Meski sudah malam, setidaknya Clairy sudah memejamkan matanya barang sejenak yang membuat lelahnya sedikit terobati. Lagi pula, ia harus menemui seseorang yang mungkin merasakan sesal dalam dirinya sehingga ia mengejar Clairy tak peduli uang yang ia habiskan untuk sebuah pamit yang sempat ia gagalkan.

Membelah angin malam yang kata banyak orang membawa penyakit tapi bagi Clairy angin malam seperti obat baginya. Dingin, bersama lampu kota yang menerangi di tepian.

Telah sampailah Clairy di rumah ibunya. Langkah kaki perlahan ia arahkan ke pintu rumah itu, dimana seorang telah menunggunya dengan cemas.

Begitu masuk, Juan seketika melihatnya dan berdiri dari duduknya.

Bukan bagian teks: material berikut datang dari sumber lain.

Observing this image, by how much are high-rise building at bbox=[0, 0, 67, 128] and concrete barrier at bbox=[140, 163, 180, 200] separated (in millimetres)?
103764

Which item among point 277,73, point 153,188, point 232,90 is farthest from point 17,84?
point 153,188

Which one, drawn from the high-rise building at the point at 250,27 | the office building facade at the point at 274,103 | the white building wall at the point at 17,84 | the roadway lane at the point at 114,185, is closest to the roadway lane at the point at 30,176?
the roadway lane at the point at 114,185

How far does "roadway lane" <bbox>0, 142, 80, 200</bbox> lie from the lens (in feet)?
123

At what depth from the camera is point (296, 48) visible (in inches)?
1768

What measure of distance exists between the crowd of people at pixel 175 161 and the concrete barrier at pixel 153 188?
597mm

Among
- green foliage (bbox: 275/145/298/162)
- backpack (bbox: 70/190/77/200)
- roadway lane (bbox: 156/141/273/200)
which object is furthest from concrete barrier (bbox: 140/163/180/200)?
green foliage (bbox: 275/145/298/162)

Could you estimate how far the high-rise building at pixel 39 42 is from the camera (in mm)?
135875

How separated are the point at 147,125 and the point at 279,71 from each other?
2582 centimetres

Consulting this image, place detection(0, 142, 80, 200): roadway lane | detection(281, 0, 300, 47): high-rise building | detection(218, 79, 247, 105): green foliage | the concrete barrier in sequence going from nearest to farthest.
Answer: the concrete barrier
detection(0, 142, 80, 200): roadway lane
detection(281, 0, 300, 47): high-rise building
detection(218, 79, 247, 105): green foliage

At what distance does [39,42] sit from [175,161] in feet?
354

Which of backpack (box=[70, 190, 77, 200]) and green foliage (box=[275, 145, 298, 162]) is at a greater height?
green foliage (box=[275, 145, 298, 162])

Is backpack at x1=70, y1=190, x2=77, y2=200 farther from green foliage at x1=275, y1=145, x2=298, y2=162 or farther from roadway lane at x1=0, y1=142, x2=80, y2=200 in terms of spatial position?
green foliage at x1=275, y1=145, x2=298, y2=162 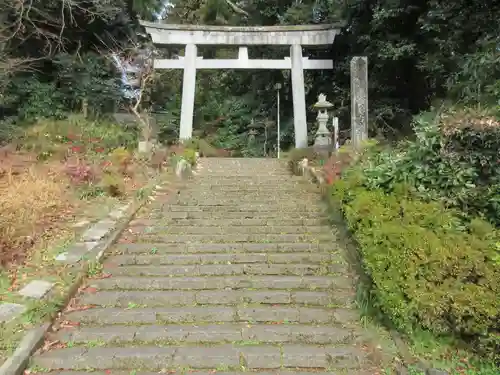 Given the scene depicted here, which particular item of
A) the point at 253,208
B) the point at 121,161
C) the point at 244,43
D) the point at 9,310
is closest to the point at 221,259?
the point at 253,208

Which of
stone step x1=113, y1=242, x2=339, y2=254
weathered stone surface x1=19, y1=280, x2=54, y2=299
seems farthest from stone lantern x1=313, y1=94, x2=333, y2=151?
weathered stone surface x1=19, y1=280, x2=54, y2=299

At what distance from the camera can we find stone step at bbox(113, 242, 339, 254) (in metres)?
6.08

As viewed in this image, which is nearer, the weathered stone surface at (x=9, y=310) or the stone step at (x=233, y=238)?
the weathered stone surface at (x=9, y=310)

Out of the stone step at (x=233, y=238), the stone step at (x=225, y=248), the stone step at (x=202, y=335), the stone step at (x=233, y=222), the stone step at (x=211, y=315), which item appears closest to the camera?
the stone step at (x=202, y=335)

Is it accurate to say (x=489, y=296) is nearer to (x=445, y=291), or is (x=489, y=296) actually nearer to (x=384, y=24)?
(x=445, y=291)

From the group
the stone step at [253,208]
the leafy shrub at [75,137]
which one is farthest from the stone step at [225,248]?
the leafy shrub at [75,137]

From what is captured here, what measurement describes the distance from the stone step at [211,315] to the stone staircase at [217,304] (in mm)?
11

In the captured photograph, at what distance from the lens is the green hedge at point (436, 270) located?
365cm

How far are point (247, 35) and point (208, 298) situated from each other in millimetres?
12253

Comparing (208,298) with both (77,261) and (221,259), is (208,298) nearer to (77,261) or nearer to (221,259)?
(221,259)

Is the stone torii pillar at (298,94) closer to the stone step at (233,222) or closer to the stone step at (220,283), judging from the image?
the stone step at (233,222)

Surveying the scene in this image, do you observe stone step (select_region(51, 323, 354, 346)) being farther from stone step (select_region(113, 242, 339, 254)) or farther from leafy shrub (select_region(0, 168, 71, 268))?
leafy shrub (select_region(0, 168, 71, 268))

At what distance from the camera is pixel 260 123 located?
1905 cm

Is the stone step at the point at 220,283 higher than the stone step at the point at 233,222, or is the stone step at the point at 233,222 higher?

Memeluk Clairy seakan ia tidak mau kehilangannya lagi.

"Aku terlambat, maaf." bisiknya dibalik pelukan itu.

Pelukan itu terasa hampa. Tidak ada balasan kehangatan yang Clairy berikan pada tubuh Juan. Hanya helaan napas halus yang terdengar.

Clairy bergerak mencoba lepas dari dekapan pria itu yang cukup sesak, dan "We need to talk."

Perlahan pelukan itu terlepas, memaksa netra mereka untuk bertemu. Dari jarak sedekat ini, Juan dapat melihat kilat kecewa milik Clairy.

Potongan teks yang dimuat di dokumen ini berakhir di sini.